The word “perfect” has a nice ring to it. After all, isn’t that what we should all strive for? We should be straight A students, be perfect at our jobs, raise perfect kids and have perfect bodies. The idea of being a perfectionist initially sounds like a good personality trait to possess. These are people who refuse to accept any standard short of perfection. They must have perfect lives and successful businesses, right?
If you answered “yes,” you’d be wrong. Those people who claim to be perfectionists most often do not have a perfect life and definitely do not have successful businesses. Studies have shown that perfectionism causes depression and holds people back from achieving big things in their lives and businesses.
Ibrahim Al-Haidos, founder of Fursan, has had lots of experience with perfectionism in his life. He was raised by a family of perfectionists, and he had the tendency to live his life that way himself for a long time. Now that he has shed those unrealistic expectations of himself and others, he shares his experience with perfectionism and the 5 lessons he has learned from it to build a strong and successful company.
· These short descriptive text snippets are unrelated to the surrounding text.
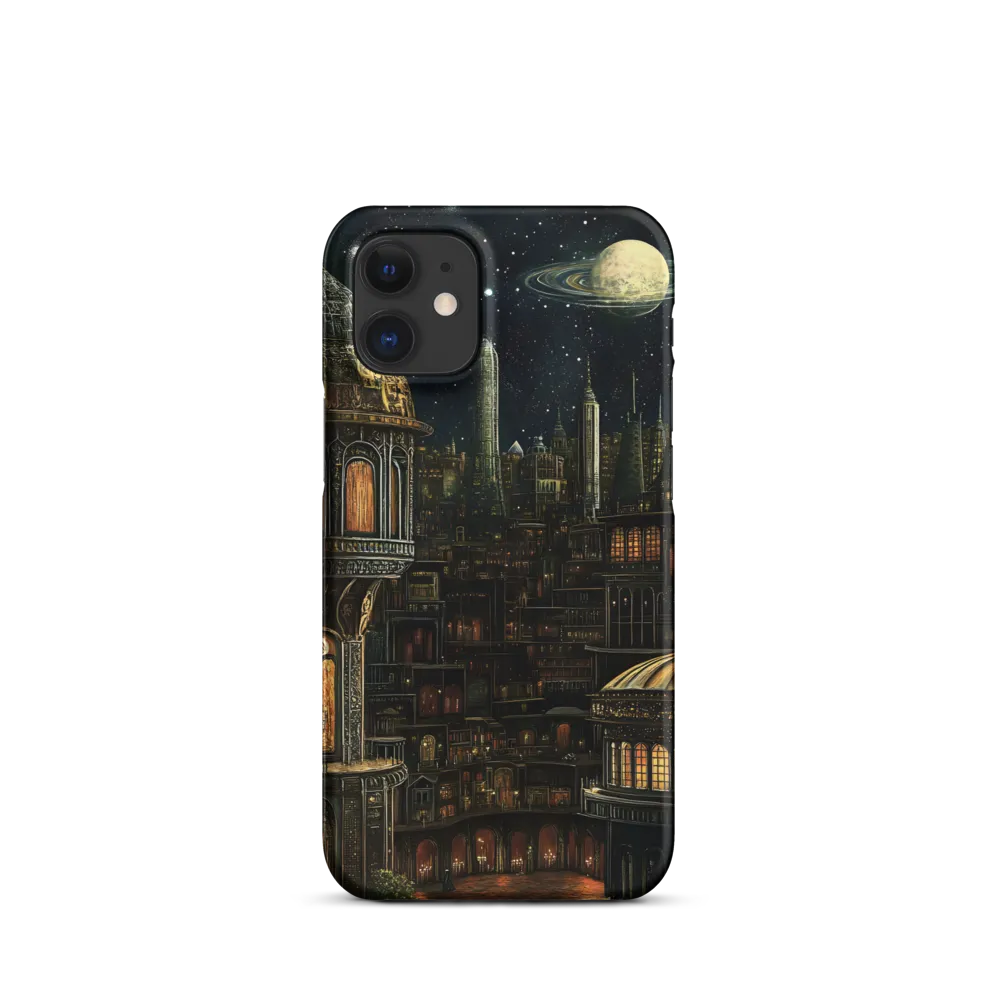 Celestial Enigma: A Surreal Cityscape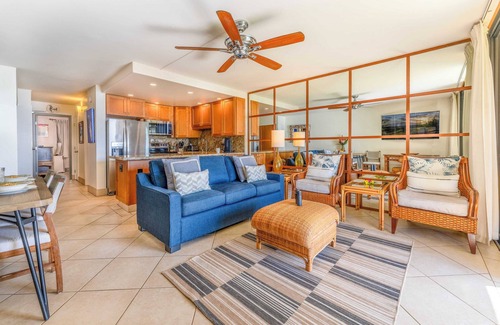 Maalaea Condo | Maui Stunning Prime Ocean Front View of the Bay and Haleakala! *Maalaea Kai 212*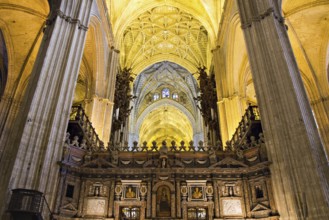 Nave of Seville Cathedral, Andalusia, Spain Seville, Spain, Europe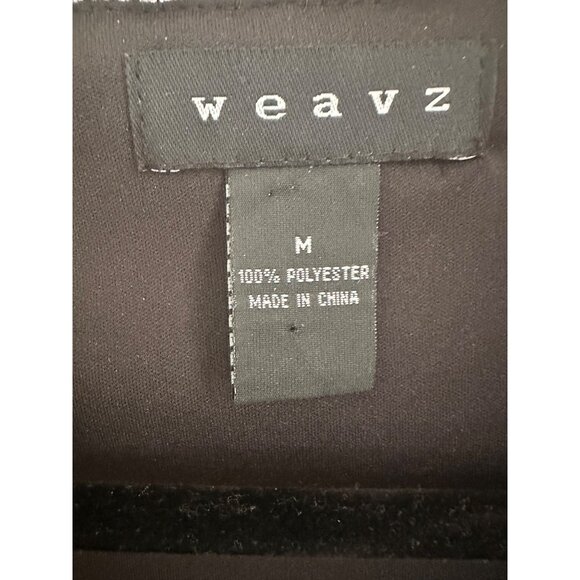 Womens Medium Black Silver Sheer Embroidered Open Front Jacket Shrug Wedding - Picture 7 of 7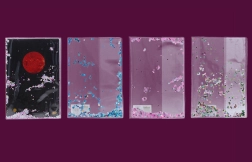 Λαμπερό κάλυμμα τετραδίου A4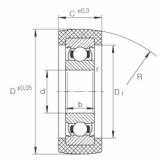 FAG Track rollers - KLRU08X28X11-2Z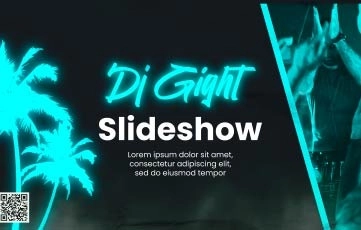 Dj Night Slideshow After Effects Template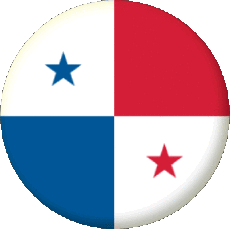 Fahnen Amerika Panama Runde 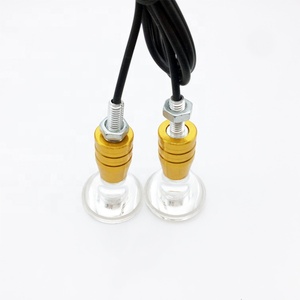 Super Bright 12V <strong>LED</strong> <strong>Hawkeye</strong> Motorcycle Decorative Warning Lights a Pair with Rear Horn Screw Flashing Function - Product Image 6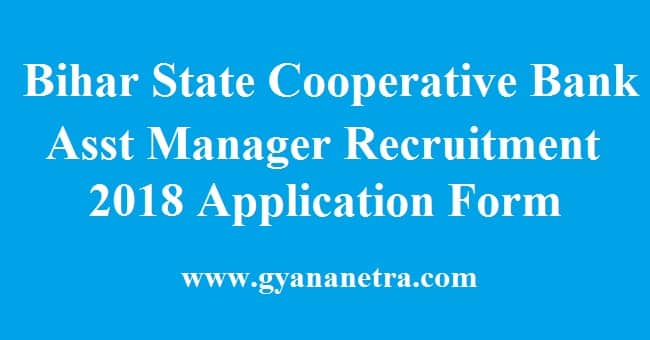 Bihar State Cooperative Bank Asst Manager Recruitment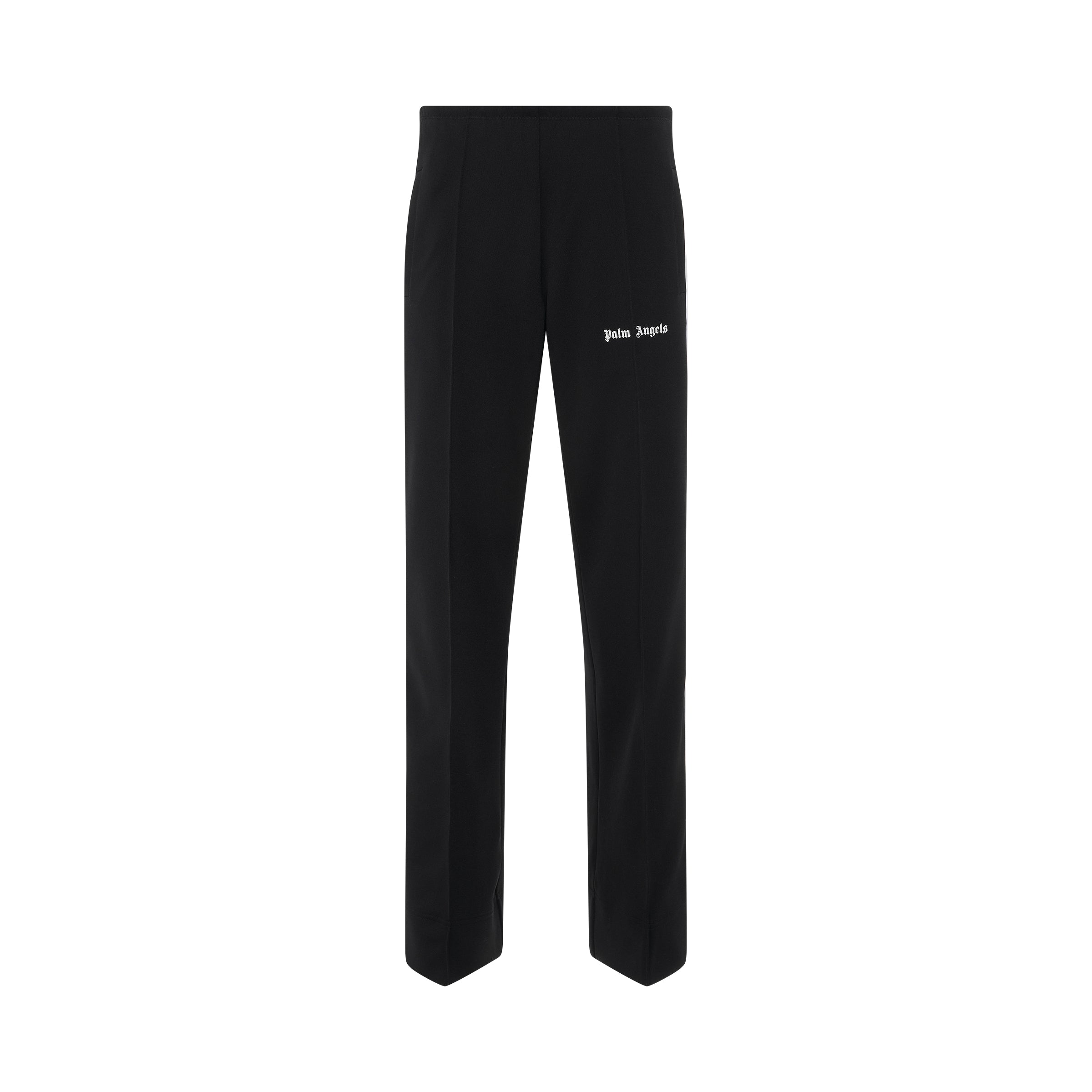 Loose Fit Track Pants in Black/White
1. Don’t Strive for Perfection
Perfect doesn’t exist. No one and nothing can ever be perfect. And you cannot succeed 100% of the time. It is perfectly acceptable to not achieve the results you were after all of the time. Strive for excellence and do the best you can. If you miss the mark, learn from it and apply those lessons the next time around.
Ibrahim’s family was full of perfectionists. His mother even measured the distance between the plate and cutlery. Initially, Ibrahim believed he couldn’t accept anything less than perfect in his own life and business. But striving for perfection slowed him down in the beginning. “Perfection simply is not possible, but you can achieve excellence. I needed to understand that it is ok not to get it right on the first try.”
“Looking for perfection is the only way to motivate yourself.” – Ronnie O’Sullivan
2. Embrace Diversity
Each employee you hire has his own set of unique skills. Each person will bring her own strengths and weaknesses to the table. Just like you and everything else in this world, your employees are not perfect. Some will be excellent speakers while others struggle with public presentations. Some will excel at learning new technology while others struggle. Never assume that your employees are all equally skilled at everything, and never expect perfection from anyone.
“One of my MBA professors at HEC Paris gave me some brilliant advice. She told me to always treat my employees the way I would want them to treat our customers. What I’ve found is that if you invest heavily in your employees, they will help you build an amazing company.”
3. Always Just Be Yourself
If you own your own business or are a leader within one, remember that you got into that position because of your unique strengths and abilities. Instead of attempting to be someone you are not, be yourself.
Your coworkers and employees don’t expect you to be perfect so never try to be someone you aren’t. They genuinely want to hear your own words, thoughts and feelings. And it is okay to be vulnerable when you don’t have all the answers. People respect you.
4. Put People First
Perfectionists have a tendency to focus on “stuff” rather than the people in their lives. Instead, put your heart and efforts into connecting with the people in your life. You are a human being, just like your lowest paid employee. You put on your pants the same way as everyone else, act like it. Don’t be afraid to show your human side to people. Be humble. Not only will you get more respect, your employees will work harder for you. People respect people, not machines.
“Being a part of human to human interaction is something I’ve enjoyed immensely.”
5. Trust your People
If you don’t trust the people you hired, you shouldn’t have hired them. And if you do trust your people, show it. Micromanaging your employees will only make them feel unwanted and unnecessary. You hired them to do a job, so let them do it their way.
Accept people as they are. Being flawed is a part of being a human being, and they will get it wrong from time to time. Again, let go of perfectionism and trust that your employees have your best interest at heart.
There is a big difference between perfect and excellent. You can always strive for excellence, but you should never chase perfection nor should you expect it from others. It is a race that cannot be won. Embrace failure. Trust yourself and your employees. Apply this to your life and business, and you will be successful.